A playwright has written a scene where two characters desperately want the same inheritance (conflict), and the audience knows the fortune is vast (stakes). But the will is read and one character wins outright with no doubt about the outcome. What happens to dramatic tension?
AIt sustains — conflict and stakes are still present, so tension continues
BIt collapses — removing uncertainty eliminates tension even when conflict and stakes remain
CIt intensifies — resolution always generates more drama than uncertainty
DIt depends entirely on how the losing character reacts after the reading
Dramatic tension requires all three conditions simultaneously: conflict, stakes, AND uncertainty. Remove any one and tension collapses. Once the outcome is certain, there is nothing left to dread or hope for — the audience has nowhere to go emotionally. Conflict and stakes alone produce the conditions for drama, but without uncertainty they become inert. This is why the best playwrights renew uncertainty at each structural turn rather than establishing it once and relying on it to carry the play.

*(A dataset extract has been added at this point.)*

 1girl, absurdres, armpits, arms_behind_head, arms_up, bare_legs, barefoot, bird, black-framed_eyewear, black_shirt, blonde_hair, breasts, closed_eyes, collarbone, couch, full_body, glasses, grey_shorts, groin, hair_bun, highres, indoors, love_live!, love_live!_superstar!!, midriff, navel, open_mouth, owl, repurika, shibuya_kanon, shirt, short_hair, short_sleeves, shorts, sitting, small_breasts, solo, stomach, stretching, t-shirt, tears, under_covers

Question 2 Multiple Choice
In a thriller, the audience watches a character share a pleasant lunch with someone they know is a spy — but the character has no idea. The scene has no action or revealed secrets. Why can this scene produce more suspense than a fight scene where both characters know the stakes equally?

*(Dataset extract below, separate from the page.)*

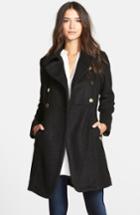 Petite Women's Guess Double Breasted Boucle Cutaway Coat P - Black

AFight scenes never produce suspense because their conflict is too explicit
BThe audience's superior knowledge creates an information gap — they fear for the unknowing character, producing sustained suspense through the gap between what is known and what is feared
CLunch scenes always produce more suspense because of their mundane pacing
DSuspense only functions when the audience and characters share the same information
Suspense is not simply ignorance — it is the management of the information gap. Sometimes maximum tension arises when the audience knows MORE than the characters (the classic example being Hitchcock's bomb under the table). The audience watches the unknowing character in dread, unable to warn them. A fight scene where everyone knows the stakes can actually feel less tense because there is no gap to exploit. Understanding this is crucial: suspense is a technique of information control, not just a state of not-knowing.
Question 3 True / False
Dramatic tension collapses if the outcome is made certain, even when conflict and significant stakes remain.
TTrue
FFalse
Answer: True
This is true by the three-condition model: conflict + stakes + uncertainty must all be present simultaneously. Certainty of outcome removes the third condition, even if the other two are strong. A sports match becomes dramatically uninteresting the moment the outcome is beyond doubt, even though the conflict (competition) and stakes (winning the championship) remain. Playwrights must continuously renew uncertainty through escalation, false resolution, and new obstacles.
Question 4 True / False
The audience generally experiences more dramatic tension when they know less than the characters on stage.
TTrue
FFalse
Answer: False
This is false — sometimes the audience knowing MORE creates greater tension. When the audience sees the bomb under the table that the characters don't know about, a mundane conversation becomes unbearable. This is the information-gap basis of suspense: it can work through the audience's ignorance OR through the audience's superior knowledge generating dread. What matters is that the audience is in a state of charged uncertainty about how events will unfold, not that they know less.
Question 5 Short Answer
A playwright uses identical conflict and stakes in two versions of a climactic scene, but in version A the stakes are clearly established, while in version B they are not. A student argues both versions are equally tense because conflict and uncertainty are the same. Explain why this is wrong using the three-condition model.
Think about your answer, then reveal below.
Model answer: Dramatic tension requires conflict, stakes, AND uncertainty simultaneously — all three must be present for tension to exist. Conflict alone produces activity; uncertainty alone produces confusion. Stakes give the audience a reason to care about the outcome: without them, conflict is merely noise and uncertainty is meaningless. The student treats the three conditions as additive (two out of three is close), when they are better understood as multiplicative in effect — remove any one and tension collapses entirely. Version B's undefined stakes mean the audience has nothing invested in the outcome, so uncertainty about it creates no suspense.
The key insight is that tension is not a function of dramatic elements in isolation but of all three conditions operating together. A scene can have fierce conflict and genuine uncertainty but still feel inert if the audience doesn't understand what is at risk. Establishing stakes early — and then raising them at each structural turn — is one of the playwright's core technical tasks, not an optional embellishment.